- [TASK DIRECTIONS]: In the entries that follow, the first line to write out is the one containing "Wild Pear Old", and the last is the one containing "Load image into". Reproduce that stretch exactly, with nothing before or after it.

[Dataset records]
= = = = = = =
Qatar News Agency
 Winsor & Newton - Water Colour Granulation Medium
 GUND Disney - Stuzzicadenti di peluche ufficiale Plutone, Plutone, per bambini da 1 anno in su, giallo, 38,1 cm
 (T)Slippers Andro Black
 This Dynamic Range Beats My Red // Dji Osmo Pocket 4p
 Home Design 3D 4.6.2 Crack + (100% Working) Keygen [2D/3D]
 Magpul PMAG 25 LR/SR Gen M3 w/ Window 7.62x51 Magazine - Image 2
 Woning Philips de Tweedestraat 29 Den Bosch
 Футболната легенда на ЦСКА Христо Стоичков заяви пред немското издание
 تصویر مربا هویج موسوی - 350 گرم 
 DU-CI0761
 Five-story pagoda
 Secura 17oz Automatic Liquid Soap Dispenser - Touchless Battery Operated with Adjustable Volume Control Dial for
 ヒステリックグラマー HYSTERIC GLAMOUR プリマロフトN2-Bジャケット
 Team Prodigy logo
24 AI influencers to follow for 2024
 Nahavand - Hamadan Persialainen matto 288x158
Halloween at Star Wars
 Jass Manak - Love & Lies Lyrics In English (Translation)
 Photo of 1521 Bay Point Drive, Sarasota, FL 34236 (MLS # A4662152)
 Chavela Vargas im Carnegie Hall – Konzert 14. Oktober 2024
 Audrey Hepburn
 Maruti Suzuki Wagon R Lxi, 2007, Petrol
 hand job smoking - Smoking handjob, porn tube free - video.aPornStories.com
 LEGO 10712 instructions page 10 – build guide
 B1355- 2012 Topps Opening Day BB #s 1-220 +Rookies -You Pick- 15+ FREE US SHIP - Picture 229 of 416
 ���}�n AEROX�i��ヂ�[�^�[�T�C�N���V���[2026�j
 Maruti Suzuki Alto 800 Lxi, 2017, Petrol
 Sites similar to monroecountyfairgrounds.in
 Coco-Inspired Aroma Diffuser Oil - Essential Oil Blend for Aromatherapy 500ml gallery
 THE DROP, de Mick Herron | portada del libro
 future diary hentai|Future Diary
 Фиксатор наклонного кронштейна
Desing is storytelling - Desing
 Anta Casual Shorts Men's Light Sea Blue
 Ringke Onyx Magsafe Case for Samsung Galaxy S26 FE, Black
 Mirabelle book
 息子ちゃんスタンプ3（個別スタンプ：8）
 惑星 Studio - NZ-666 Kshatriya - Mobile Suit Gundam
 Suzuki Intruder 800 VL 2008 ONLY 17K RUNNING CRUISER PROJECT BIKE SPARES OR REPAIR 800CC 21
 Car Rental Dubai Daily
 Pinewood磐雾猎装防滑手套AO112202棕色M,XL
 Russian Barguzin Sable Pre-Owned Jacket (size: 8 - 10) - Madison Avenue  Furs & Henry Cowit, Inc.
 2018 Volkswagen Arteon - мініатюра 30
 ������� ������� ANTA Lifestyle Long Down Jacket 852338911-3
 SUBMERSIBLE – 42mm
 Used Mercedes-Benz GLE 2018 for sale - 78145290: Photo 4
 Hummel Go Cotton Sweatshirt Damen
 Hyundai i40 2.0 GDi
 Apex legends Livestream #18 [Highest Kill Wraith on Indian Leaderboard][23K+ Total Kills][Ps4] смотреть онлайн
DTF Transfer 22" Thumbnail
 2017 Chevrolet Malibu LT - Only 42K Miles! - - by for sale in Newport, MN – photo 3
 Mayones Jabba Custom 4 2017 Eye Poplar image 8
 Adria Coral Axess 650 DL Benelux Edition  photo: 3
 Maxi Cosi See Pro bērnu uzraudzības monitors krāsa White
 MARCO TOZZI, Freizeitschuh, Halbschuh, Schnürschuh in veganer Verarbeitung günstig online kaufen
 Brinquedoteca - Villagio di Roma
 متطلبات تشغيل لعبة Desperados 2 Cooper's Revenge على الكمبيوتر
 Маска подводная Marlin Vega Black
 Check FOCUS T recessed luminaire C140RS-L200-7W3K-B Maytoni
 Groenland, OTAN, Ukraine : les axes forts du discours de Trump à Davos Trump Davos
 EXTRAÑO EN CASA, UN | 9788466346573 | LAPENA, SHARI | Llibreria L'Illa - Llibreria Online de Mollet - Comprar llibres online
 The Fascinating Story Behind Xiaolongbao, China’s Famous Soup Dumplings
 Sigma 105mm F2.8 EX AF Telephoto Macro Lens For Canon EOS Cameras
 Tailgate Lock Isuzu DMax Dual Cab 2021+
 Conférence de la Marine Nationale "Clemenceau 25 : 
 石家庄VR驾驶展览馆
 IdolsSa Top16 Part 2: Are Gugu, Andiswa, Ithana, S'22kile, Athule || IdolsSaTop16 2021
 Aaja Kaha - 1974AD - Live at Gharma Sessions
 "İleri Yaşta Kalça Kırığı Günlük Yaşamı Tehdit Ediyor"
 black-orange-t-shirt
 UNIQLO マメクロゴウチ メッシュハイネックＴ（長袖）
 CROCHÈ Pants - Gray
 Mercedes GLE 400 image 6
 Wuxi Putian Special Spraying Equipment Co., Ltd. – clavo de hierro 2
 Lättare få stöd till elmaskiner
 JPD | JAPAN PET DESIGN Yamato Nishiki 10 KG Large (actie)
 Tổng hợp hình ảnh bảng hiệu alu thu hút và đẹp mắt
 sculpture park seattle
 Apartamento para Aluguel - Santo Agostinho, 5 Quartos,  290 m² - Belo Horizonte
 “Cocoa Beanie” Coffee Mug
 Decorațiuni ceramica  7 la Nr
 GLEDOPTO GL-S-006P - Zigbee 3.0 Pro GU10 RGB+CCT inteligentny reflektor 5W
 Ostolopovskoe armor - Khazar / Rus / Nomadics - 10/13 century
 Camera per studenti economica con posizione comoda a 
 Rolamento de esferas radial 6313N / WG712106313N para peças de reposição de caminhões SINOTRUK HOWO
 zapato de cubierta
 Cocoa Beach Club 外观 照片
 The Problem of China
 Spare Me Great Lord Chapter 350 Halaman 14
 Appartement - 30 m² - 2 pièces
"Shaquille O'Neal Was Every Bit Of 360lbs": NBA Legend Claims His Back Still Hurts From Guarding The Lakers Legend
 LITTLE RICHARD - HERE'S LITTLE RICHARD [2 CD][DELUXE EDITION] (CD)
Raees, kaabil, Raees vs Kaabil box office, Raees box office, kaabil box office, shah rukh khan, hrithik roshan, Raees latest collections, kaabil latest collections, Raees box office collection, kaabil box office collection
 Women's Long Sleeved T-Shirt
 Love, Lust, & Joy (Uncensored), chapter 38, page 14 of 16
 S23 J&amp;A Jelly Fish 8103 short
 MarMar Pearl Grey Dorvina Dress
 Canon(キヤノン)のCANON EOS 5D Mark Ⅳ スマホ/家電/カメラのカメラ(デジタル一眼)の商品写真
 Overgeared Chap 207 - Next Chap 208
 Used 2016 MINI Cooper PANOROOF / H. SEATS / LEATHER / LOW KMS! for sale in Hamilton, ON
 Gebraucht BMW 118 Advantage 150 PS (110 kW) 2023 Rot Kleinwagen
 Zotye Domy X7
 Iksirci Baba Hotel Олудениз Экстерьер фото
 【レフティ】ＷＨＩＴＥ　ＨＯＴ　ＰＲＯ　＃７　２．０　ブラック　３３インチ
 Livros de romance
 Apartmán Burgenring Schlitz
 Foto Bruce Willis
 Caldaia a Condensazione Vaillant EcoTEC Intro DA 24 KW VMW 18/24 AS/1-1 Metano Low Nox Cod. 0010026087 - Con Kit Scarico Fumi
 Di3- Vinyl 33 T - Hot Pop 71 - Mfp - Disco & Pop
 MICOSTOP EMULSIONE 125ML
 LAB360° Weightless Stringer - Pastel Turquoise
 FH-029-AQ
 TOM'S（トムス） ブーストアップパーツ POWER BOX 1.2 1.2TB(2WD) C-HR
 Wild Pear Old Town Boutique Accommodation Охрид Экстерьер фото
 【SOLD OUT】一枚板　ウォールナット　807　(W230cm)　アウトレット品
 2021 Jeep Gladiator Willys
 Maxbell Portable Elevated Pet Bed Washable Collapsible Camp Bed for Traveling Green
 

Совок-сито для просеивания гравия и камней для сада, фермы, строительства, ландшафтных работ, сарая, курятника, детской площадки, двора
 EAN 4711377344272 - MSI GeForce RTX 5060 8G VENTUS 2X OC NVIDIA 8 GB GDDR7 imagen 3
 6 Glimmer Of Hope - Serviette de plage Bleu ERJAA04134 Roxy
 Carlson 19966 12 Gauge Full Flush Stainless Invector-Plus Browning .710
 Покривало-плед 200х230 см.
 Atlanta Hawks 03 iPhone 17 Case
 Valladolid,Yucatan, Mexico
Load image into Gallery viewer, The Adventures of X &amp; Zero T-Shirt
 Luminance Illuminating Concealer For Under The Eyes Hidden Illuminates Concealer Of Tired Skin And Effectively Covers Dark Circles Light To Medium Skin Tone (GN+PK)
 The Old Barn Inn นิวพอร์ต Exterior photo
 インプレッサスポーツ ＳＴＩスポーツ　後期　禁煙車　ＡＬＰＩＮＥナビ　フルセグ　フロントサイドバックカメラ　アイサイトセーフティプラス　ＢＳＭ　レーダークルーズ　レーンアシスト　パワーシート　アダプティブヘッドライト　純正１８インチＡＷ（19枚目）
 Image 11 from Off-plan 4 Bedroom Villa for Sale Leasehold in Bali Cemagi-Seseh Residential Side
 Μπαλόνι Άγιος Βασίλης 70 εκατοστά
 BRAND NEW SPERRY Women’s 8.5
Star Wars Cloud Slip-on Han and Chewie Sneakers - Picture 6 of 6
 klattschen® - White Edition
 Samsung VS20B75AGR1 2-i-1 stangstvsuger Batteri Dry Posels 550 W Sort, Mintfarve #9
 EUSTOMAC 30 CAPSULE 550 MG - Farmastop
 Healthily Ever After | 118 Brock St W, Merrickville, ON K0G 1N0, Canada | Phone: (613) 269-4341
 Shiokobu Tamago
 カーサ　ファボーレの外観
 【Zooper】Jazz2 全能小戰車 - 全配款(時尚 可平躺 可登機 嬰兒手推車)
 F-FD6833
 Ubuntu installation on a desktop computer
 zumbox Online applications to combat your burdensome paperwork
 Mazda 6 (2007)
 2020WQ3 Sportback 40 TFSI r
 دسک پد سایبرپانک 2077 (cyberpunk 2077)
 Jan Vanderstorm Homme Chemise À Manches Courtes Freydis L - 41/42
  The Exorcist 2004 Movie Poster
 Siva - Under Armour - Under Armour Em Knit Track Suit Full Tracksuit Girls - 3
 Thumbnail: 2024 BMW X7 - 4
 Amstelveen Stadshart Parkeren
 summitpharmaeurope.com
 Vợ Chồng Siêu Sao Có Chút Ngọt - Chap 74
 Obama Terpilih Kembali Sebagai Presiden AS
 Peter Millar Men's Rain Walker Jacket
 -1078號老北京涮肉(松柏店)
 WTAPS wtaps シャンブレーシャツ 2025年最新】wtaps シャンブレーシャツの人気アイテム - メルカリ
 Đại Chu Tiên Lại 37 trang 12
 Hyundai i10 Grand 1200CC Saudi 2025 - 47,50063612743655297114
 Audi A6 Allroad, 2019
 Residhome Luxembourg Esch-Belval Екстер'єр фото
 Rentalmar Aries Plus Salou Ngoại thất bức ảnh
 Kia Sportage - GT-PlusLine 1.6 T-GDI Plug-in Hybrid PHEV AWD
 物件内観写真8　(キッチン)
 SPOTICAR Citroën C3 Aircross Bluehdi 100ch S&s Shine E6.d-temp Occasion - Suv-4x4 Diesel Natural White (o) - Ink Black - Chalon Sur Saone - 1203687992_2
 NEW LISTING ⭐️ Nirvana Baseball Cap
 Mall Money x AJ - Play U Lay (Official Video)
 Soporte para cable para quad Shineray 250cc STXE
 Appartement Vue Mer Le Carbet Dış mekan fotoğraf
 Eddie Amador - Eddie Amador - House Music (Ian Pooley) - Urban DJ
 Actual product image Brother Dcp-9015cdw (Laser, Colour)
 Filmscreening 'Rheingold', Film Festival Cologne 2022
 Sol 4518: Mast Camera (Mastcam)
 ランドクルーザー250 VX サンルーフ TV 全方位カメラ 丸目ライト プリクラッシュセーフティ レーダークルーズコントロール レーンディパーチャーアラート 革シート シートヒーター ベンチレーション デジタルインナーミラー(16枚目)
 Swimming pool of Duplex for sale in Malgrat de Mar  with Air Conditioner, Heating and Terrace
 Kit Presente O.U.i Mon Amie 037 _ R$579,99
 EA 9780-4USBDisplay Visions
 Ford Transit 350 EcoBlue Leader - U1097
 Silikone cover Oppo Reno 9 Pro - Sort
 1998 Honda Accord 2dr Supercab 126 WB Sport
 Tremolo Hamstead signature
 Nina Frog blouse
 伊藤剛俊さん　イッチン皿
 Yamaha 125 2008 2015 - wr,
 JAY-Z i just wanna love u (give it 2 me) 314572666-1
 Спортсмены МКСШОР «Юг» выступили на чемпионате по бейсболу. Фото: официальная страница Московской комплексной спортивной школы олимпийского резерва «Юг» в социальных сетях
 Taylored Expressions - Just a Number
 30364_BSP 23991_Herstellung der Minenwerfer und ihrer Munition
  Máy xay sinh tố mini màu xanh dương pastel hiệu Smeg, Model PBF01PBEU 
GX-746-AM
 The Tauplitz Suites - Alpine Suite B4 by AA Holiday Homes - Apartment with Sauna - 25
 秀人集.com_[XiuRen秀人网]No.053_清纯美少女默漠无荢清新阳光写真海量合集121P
= = = = = = =
- [WRITTEN RESPONSE]:
 Wild Pear Old Town Boutique Accommodation Охрид Экстерьер фото
 【SOLD OUT】一枚板　ウォールナット　807　(W230cm)　アウトレット品
 2021 Jeep Gladiator Willys
 Maxbell Portable Elevated Pet Bed Washable Collapsible Camp Bed for Traveling Green
 

Совок-сито для просеивания гравия и камней для сада, фермы, строительства, ландшафтных работ, сарая, курятника, детской площадки, двора
 EAN 4711377344272 - MSI GeForce RTX 5060 8G VENTUS 2X OC NVIDIA 8 GB GDDR7 imagen 3
 6 Glimmer Of Hope - Serviette de plage Bleu ERJAA04134 Roxy
 Carlson 19966 12 Gauge Full Flush Stainless Invector-Plus Browning .710
 Покривало-плед 200х230 см.
 Atlanta Hawks 03 iPhone 17 Case
 Valladolid,Yucatan, Mexico
Load image into Gallery viewer, The Adventures of X &amp; Zero T-Shirt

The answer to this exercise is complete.